■ Task goal
The answer is the data below, repeated exactly, with no pictures included.

■ Supplied information
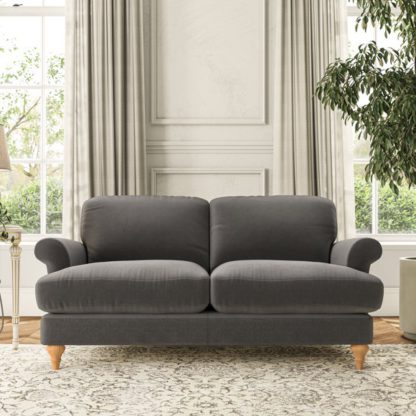 4a1b041533c51854252d970749978ba6b6de811ef98d3b97653e13745dd362ce.jpg An Image of Evie Large 2 Seater Sofa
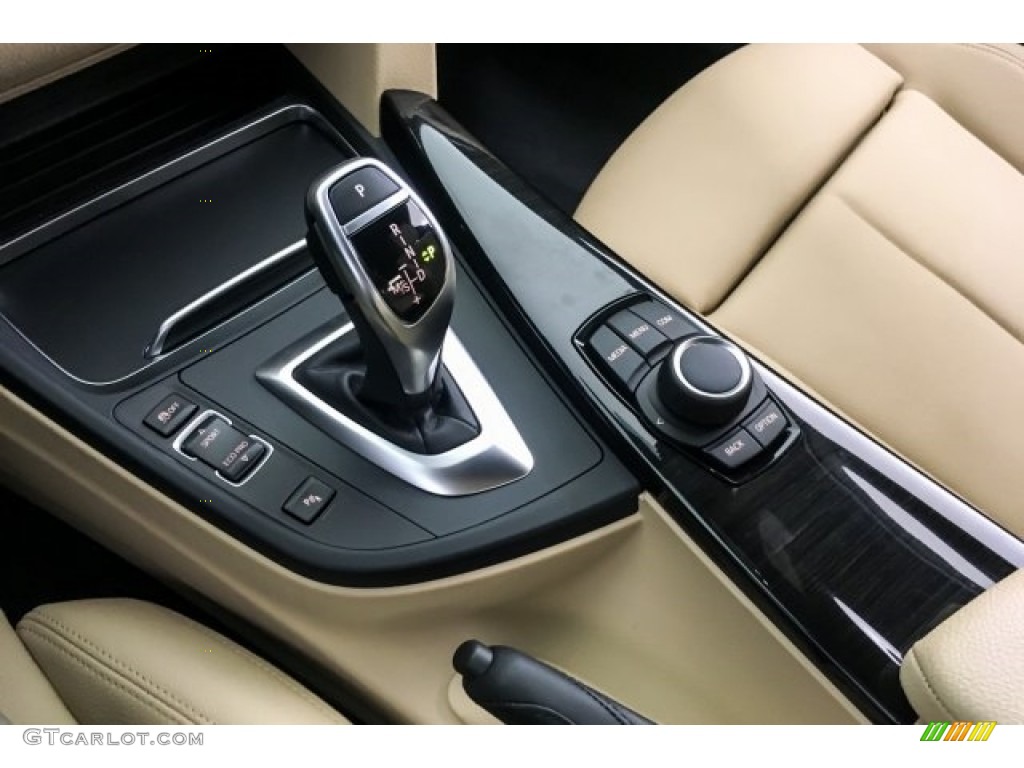 2018 3 Series 330i Sedan - Alpine White / Venetian Beige photo #19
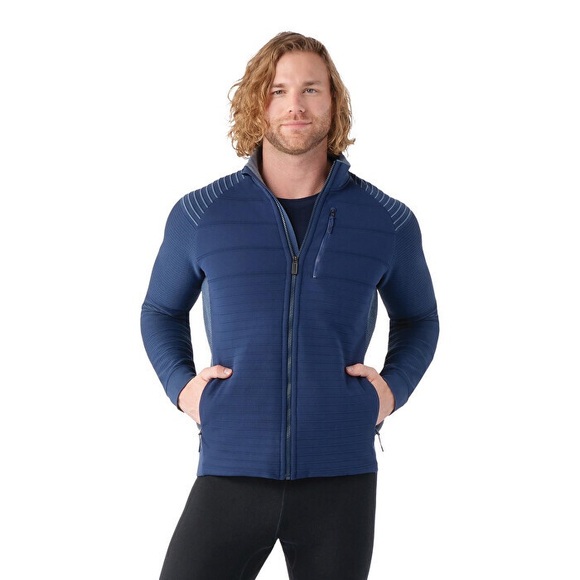 🔥 Smartwool Intraknit Merino Insulated Jacket - XL: Like New! 🔥 - Picture 2 of 2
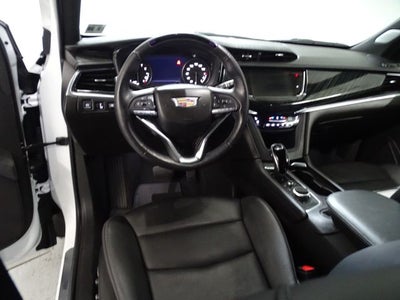 2022 Cadillac XT6 Premium Luxury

■ Answer to this task
 4a1b041533c51854252d970749978ba6b6de811ef98d3b97653e13745dd362ce.jpg An Image of Evie Large 2 Seater Sofa
 2018 3 Series 330i Sedan - Alpine White / Venetian Beige photo #19
 🔥 Smartwool Intraknit Merino Insulated Jacket - XL: Like New! 🔥 - Picture 2 of 2
 2022 Cadillac XT6 Premium Luxury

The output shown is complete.